Films featuring the aftermath of epic, world-changing phenomena such as nuclear winters and zombie outbreaks, are our main fictional frames of reference for imagining post-crisis landscapes, which means that when climate-perturbed futures are mapped onto these expectations, something gets lost in translation. Films featuring individual extreme weather or geological
events (Perfect Storm, Twister, etc) maybe relate to some of the local
disturbances that could be thrown up by climate change, but they don’t give the whole picture of
everyday life.
There aren’t a lot of fictional films explicitly dealing
with anthropogenic climate change and its effects (The Day After Tomorrow is
one), though a few touch on general themes of ecological collapse (Wall-E
springs to mind). The Day After Tomorrow
depicts climate change as a singular event – a tipping point that creates
instant global devastation at a single stroke presumably – due to the
constraints of Hollywood narrative requirements mentioned above.

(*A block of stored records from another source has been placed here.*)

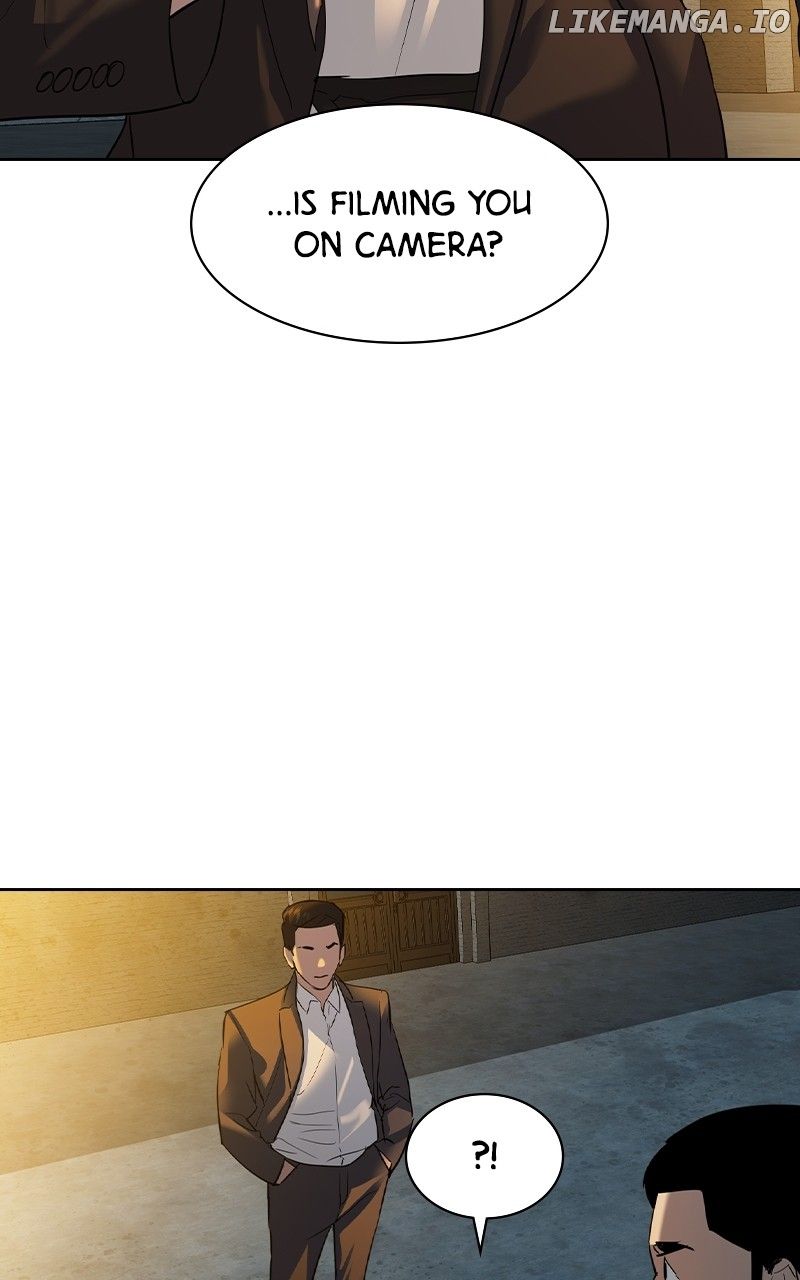 The World is Money and Power chapter 155 page 15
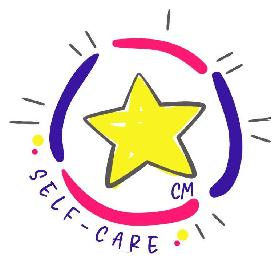 CM SELF-CARE logo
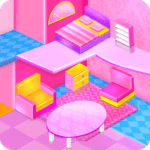 Interior Room Decoration VARY Mod Apk Unlimited Money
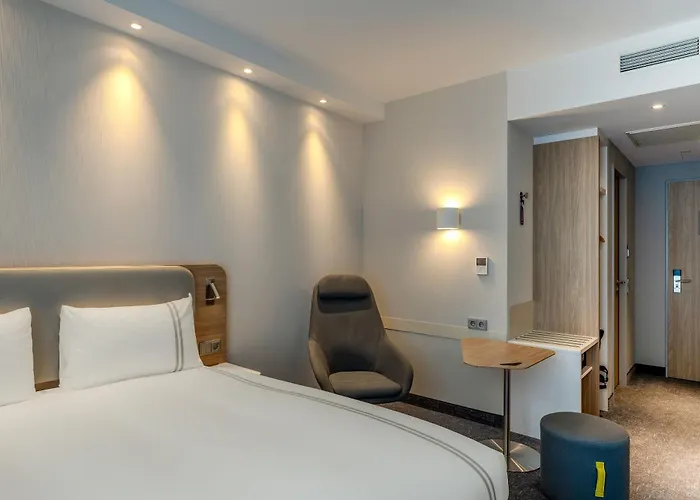 Premier Inn Goettingen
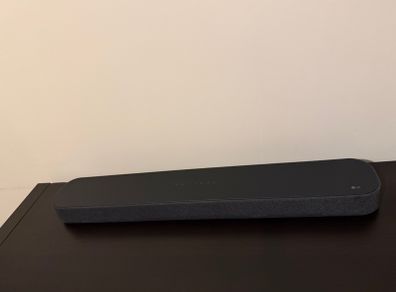 LG USE6S Soundbar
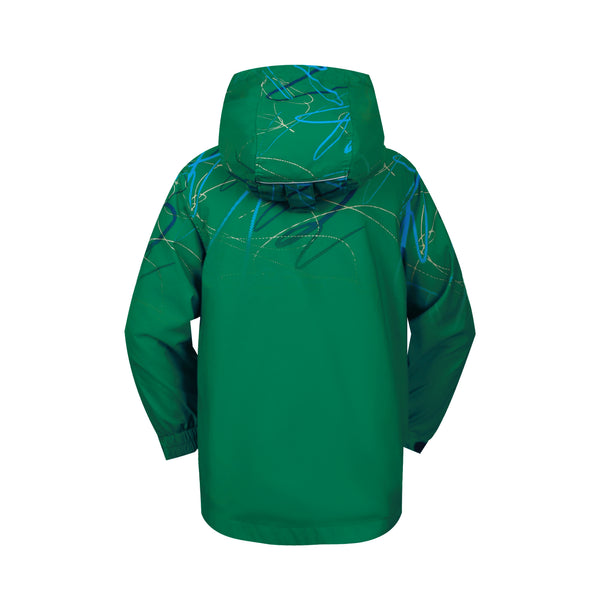 LEV - Boys’ Shell Transitional Jacket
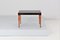 Mid-Century Wood and Glass Coffee Table by Paolo Buffa, 1950 3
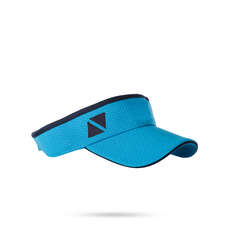 Magic Marine Quickdry Tech Sunvisor - Бали Синий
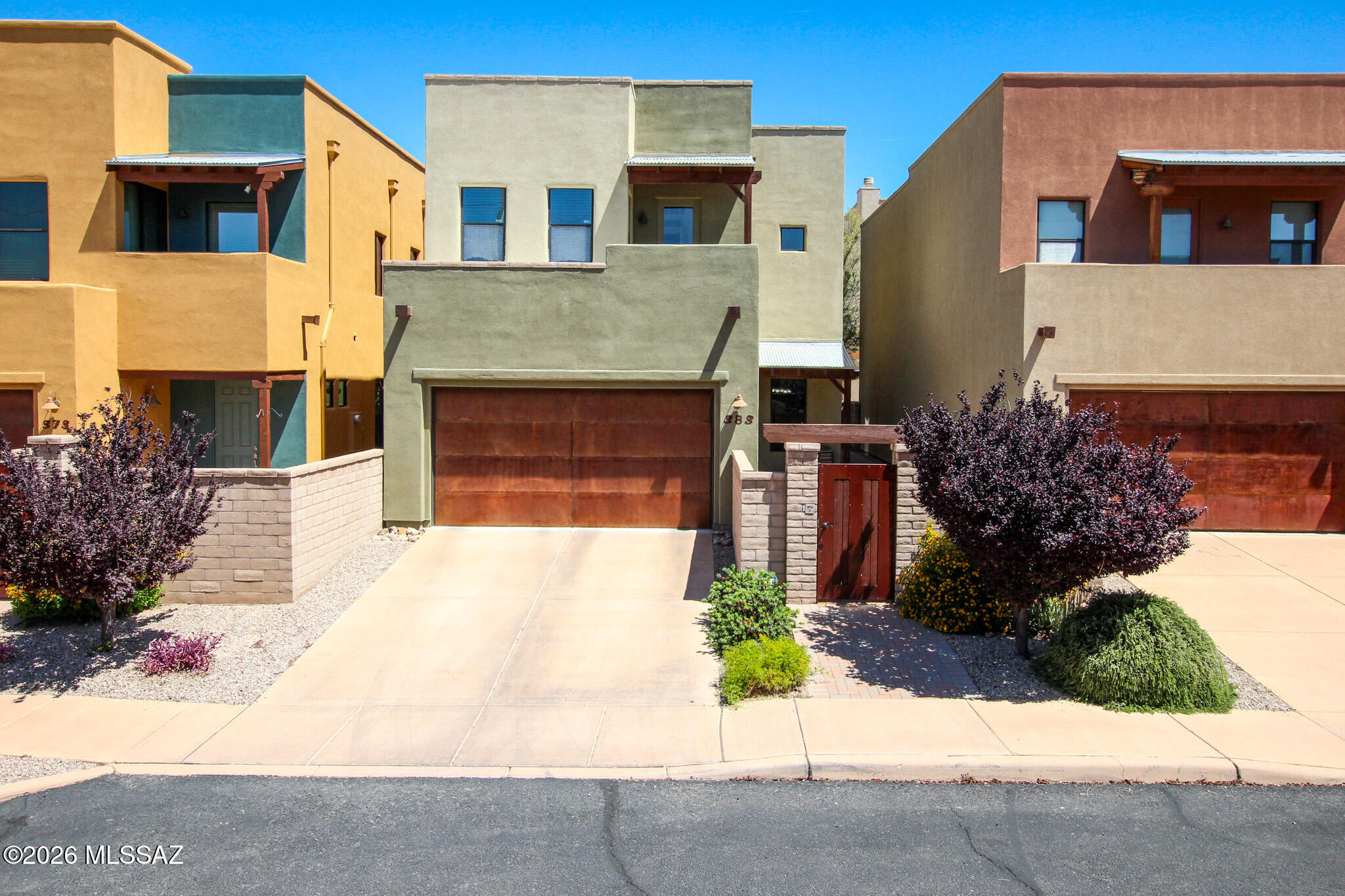383 E Croydon Park Road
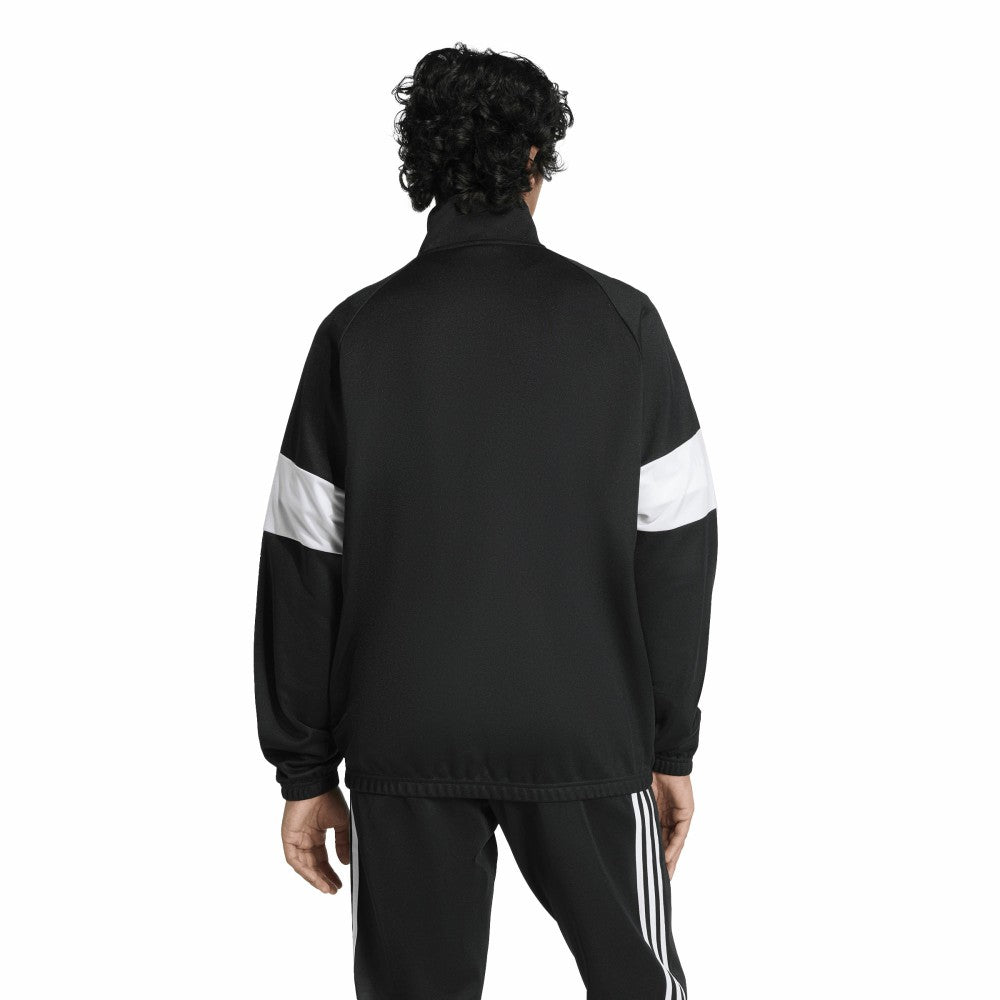 Juventus Lifestyler Full-Zip Track Jacket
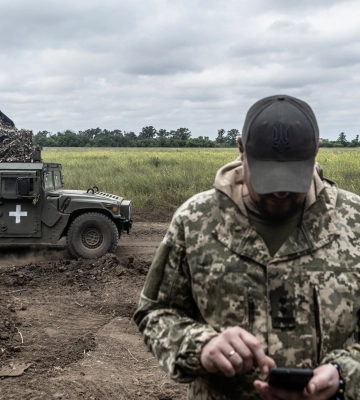 Війська рф навчилися на своїх помилках на Харківщині. Що стримує наступ ЗСУ?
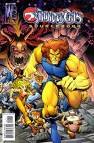 Thundercats Sourcebook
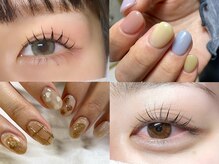テント テン トータルビューティ(tent ten total beauty)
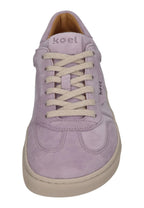 KOEL Damen Barefoot Sneakers HELENA SUEDE lavendel - Shoedeal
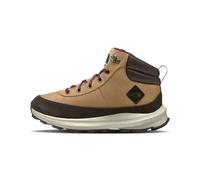 The North Face Wanderschuhe Back To Berkeley IV Waterproof Größe 42.5 dunkelbraun/schwarz/weiß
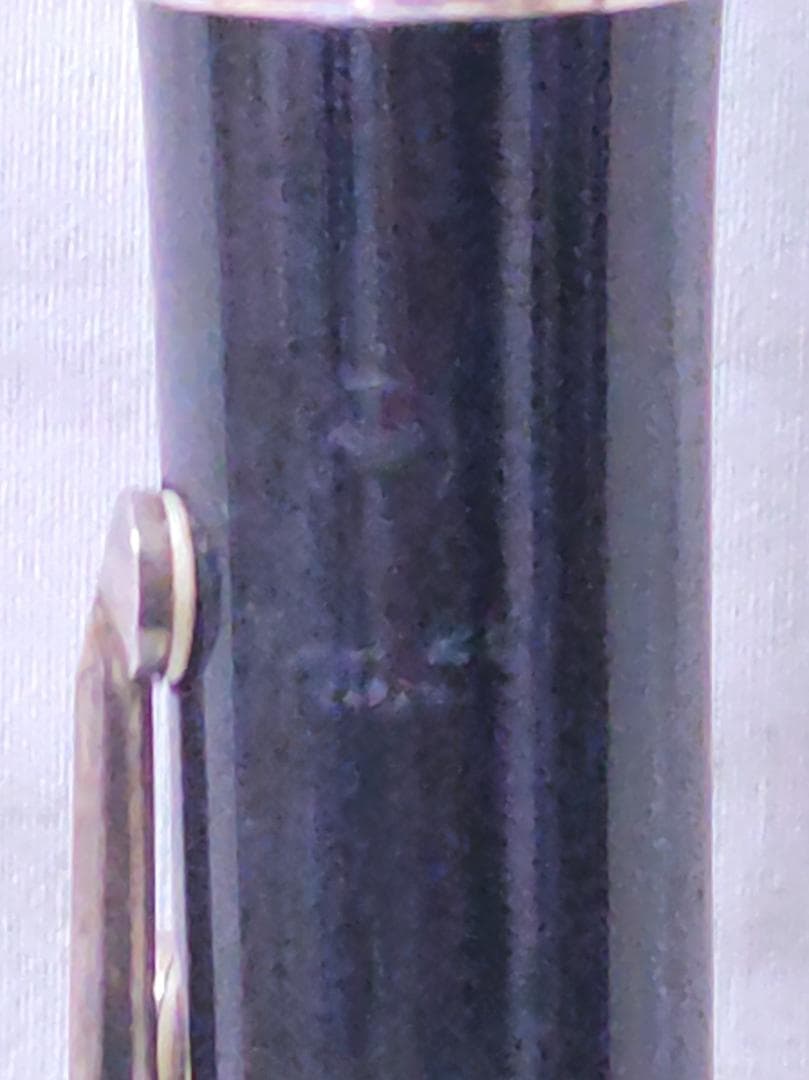 【にこさま専用】YAMAHA YCL-25 クラリネット プラスチック 3007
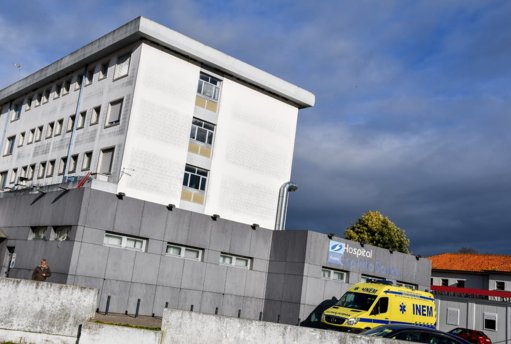 Urgência do Hospital de Évora com Admissões Limitadas de Forma Recorrente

But it seems unfair, and almost beside the
point to pick this one example – we’ve already learned, through exposure to decades
of apocalyptica, to think about time by dividing it into epoch-defining moments
of crisis.
In modern Britain, beliefs in traditional notions of Hell –
an eternity of literal fire and brimstone – are less prevalent than they once were. However, it has been suggested by some that
Hell is a concept that has not been lost, but secularised. It has migrated to Hollywood cinema screens
depicting floods, explosions, and wastelands;
to crudely constructed, orientalist portrayals of regions in the world
that suffer armed conflict, genocide, and famine.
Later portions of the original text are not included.